──────── RAW DATA ────────

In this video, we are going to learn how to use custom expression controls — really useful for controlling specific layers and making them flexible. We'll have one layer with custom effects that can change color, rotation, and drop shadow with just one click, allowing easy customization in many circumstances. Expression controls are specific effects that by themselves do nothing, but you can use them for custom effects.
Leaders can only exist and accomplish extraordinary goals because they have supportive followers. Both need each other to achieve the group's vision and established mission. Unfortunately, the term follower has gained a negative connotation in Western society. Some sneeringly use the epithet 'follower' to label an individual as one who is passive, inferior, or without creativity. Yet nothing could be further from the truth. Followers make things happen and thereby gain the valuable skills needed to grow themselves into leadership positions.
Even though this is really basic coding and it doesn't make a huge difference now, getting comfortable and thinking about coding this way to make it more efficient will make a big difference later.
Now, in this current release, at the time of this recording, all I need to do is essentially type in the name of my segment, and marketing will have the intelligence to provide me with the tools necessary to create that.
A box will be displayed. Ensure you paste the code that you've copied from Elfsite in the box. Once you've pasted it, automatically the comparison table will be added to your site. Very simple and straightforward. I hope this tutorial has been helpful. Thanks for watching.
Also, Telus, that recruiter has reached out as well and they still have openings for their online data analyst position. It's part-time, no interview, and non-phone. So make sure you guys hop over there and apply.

────────
──────── RAW DATA ────────

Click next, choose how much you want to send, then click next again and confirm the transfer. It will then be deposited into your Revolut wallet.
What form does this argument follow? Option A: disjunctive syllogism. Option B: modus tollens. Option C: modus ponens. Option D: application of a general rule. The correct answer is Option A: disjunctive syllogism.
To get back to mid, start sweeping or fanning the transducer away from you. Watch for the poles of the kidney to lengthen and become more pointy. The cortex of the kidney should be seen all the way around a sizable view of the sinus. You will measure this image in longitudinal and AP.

────────
──────── RAW DATA ────────

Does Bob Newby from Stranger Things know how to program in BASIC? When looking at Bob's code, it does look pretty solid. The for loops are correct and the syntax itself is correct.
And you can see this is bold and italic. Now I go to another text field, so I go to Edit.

────────

» **PROBLEM DETAILS**
Lines holding "your" are the ones to copy; find all of them in the listing.

» **TASK ANSWER**
A box will be displayed. Ensure you paste the code that you've copied from Elfsite in the box. Once you've pasted it, automatically the comparison table will be added to your site. Very simple and straightforward. I hope this tutorial has been helpful. Thanks for watching.
Click next, choose how much you want to send, then click next again and confirm the transfer. It will then be deposited into your Revolut wallet.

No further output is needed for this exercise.